→ **What you should do**
Transcribe word for word each line from the one containing "Sculpture - View 9" to the final line of the data, both included. Skip the pictures.

→ **Given entries**
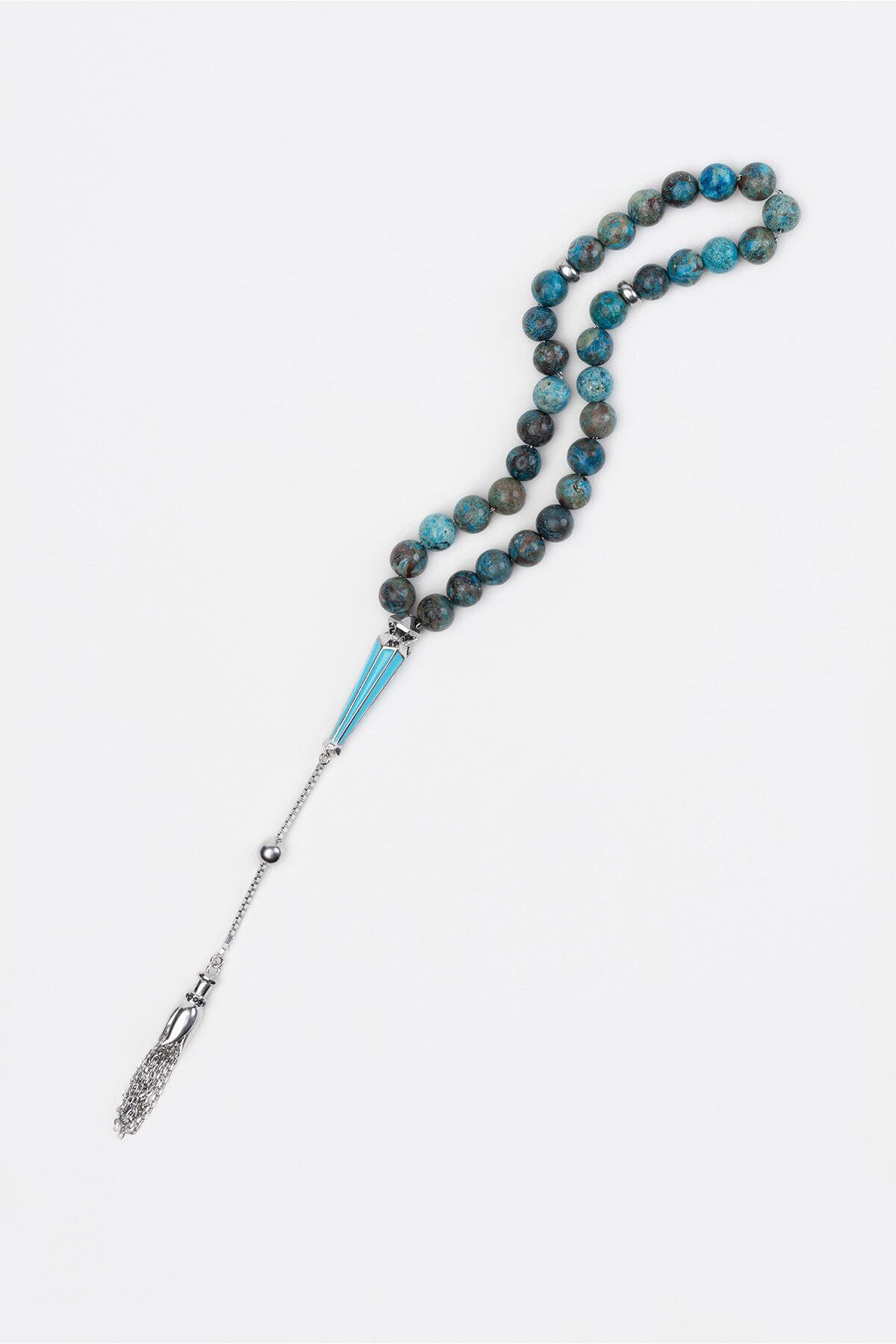 So Chic Prayer Beads Gray Natural Stone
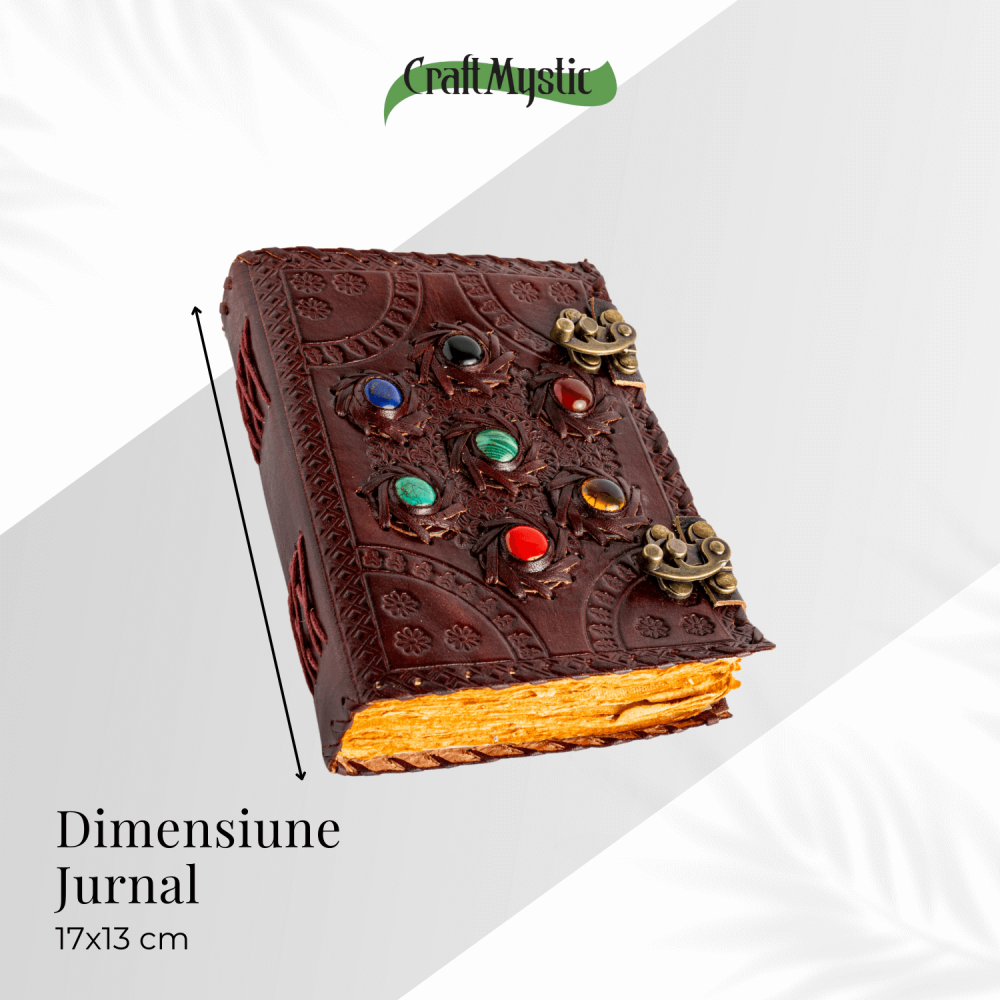 Jurnal Vintage Visiniu cu Cele 7 Pietre Chakre [3]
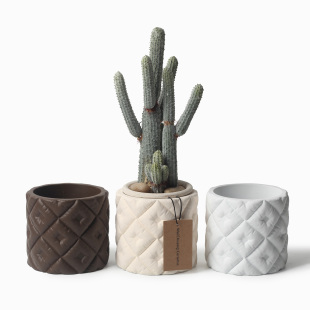 北欧风格 抽象创意盆栽小盆栽绿植有孔花盆 水泥花盆复古方格风格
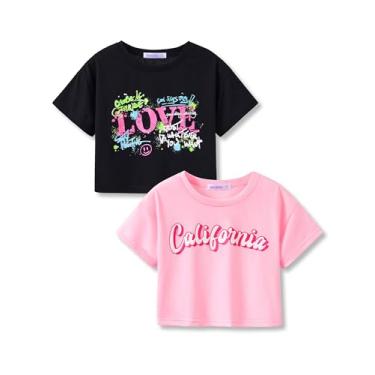 Imagem de Serdomi Top cropped elegante grafite/borboleta/tropical para meninas pequenas e grandes - camiseta legal de verão pacote com 2 roupas tamanho 6-18, Grafite preto e rosa Ca, 7-8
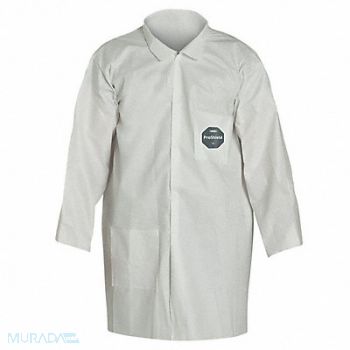 DUPONT Lab Coat White Snaps 4XL PK30, 6LY70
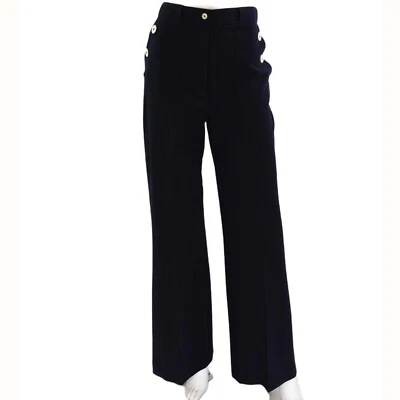 Брюки расклешенные женские Tommy Hilfiger темно-синие морские высокая талия 10 золотых пуговиц - Изображение 1 из 4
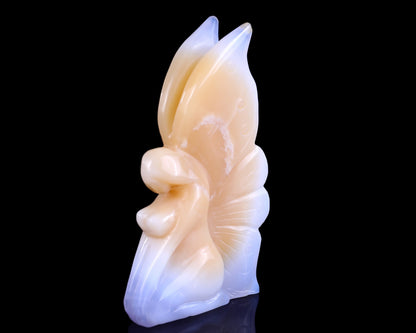 Nicedony 5.9" Blue Chalcedony Hand Carved Flower Faerie Sculpture - View 9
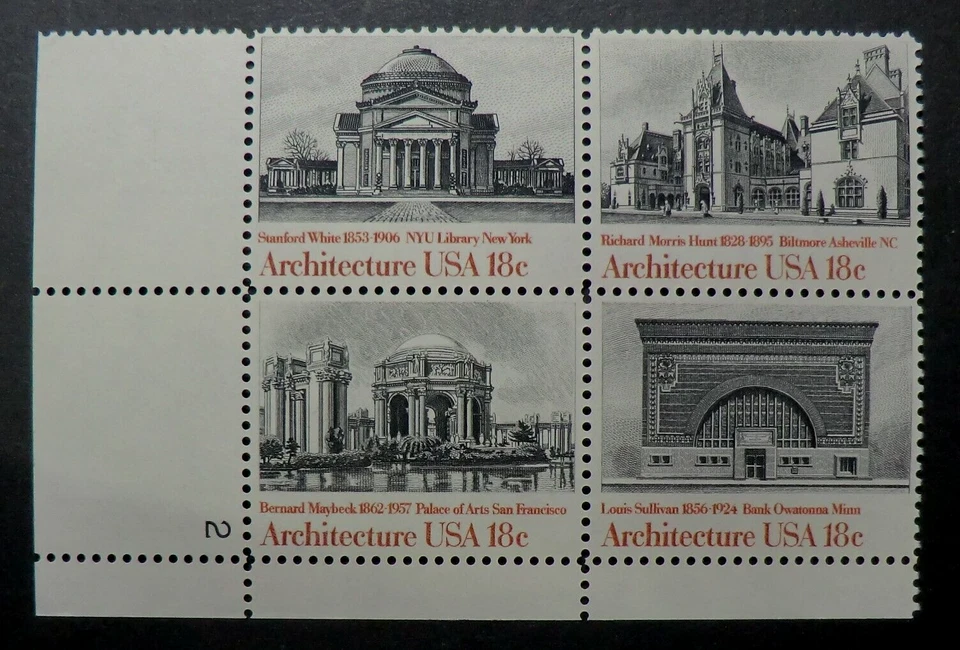 1928 - 1931 MNH 1981 18c Architecture PB NYU Library Biltmore Farmers Bank Arts - Image 1 of 1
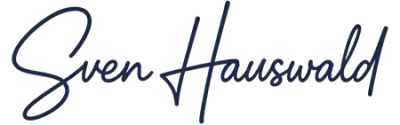 Sven Hauswald – Signatur-Logo in Dunkelblau
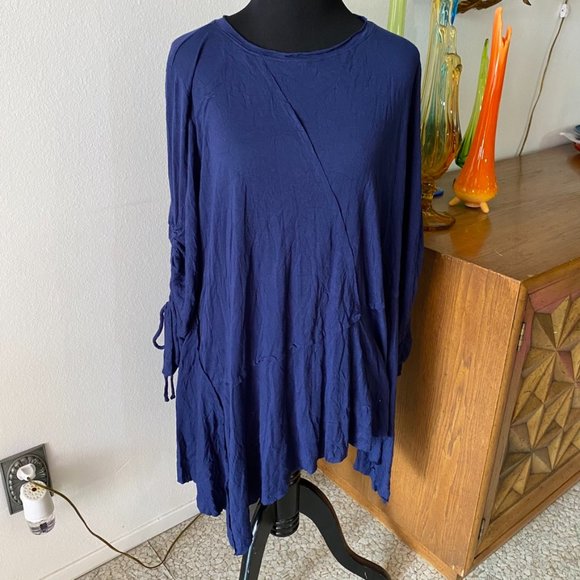 Drapey Deep purple-Blue Soft Jersey oversized top Ruched drawstring sleeves - Picture 2 of 11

→ **Result below**
 Nicedony 5.9" Blue Chalcedony Hand Carved Flower Faerie Sculpture - View 9
 1928 - 1931 MNH 1981 18c Architecture PB NYU Library Biltmore Farmers Bank Arts - Image 1 of 1
 Sven Hauswald – Signatur-Logo in Dunkelblau
 Drapey Deep purple-Blue Soft Jersey oversized top Ruched drawstring sleeves - Picture 2 of 11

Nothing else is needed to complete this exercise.